Reproduce exactly, and only, the lines below from the one containing "NCCc1cc2cc[nH]c(=O)c2c2cc(Cl)ccc12 ZINC000028955820" through the one containing "Cover-Bild zum Titel".

Stored records
◆ ◆ ◆ ◆ ◆
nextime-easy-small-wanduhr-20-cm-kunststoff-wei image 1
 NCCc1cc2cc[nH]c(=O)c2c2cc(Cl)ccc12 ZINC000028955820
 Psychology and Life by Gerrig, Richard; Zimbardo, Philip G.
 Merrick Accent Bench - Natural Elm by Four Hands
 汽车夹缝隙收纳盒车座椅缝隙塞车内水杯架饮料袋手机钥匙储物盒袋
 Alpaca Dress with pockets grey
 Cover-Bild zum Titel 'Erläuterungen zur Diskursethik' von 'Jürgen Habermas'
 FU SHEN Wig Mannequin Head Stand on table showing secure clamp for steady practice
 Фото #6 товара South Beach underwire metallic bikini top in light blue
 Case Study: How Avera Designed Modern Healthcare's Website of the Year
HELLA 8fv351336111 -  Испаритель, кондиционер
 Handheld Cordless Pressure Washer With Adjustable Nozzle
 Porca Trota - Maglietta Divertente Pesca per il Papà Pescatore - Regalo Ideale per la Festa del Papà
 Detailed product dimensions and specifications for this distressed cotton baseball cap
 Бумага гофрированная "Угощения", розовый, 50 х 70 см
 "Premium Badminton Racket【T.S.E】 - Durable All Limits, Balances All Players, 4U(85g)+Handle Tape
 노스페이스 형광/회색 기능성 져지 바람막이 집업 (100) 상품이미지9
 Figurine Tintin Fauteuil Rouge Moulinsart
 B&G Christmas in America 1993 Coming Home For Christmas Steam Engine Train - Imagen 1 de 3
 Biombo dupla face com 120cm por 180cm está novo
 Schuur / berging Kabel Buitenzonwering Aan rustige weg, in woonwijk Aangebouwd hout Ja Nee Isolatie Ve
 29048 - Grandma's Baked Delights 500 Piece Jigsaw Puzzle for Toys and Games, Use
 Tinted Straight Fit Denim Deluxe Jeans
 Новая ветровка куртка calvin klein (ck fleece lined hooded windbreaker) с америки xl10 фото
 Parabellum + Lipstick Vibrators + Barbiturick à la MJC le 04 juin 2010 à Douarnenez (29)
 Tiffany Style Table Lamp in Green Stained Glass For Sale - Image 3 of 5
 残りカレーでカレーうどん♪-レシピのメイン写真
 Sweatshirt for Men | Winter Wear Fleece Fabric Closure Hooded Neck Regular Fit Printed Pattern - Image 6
◆ ◆ ◆ ◆ ◆
Response to this task:
 NCCc1cc2cc[nH]c(=O)c2c2cc(Cl)ccc12 ZINC000028955820
 Psychology and Life by Gerrig, Richard; Zimbardo, Philip G.
 Merrick Accent Bench - Natural Elm by Four Hands
 汽车夹缝隙收纳盒车座椅缝隙塞车内水杯架饮料袋手机钥匙储物盒袋
 Alpaca Dress with pockets grey
 Cover-Bild zum Titel 'Erläuterungen zur Diskursethik' von 'Jürgen Habermas'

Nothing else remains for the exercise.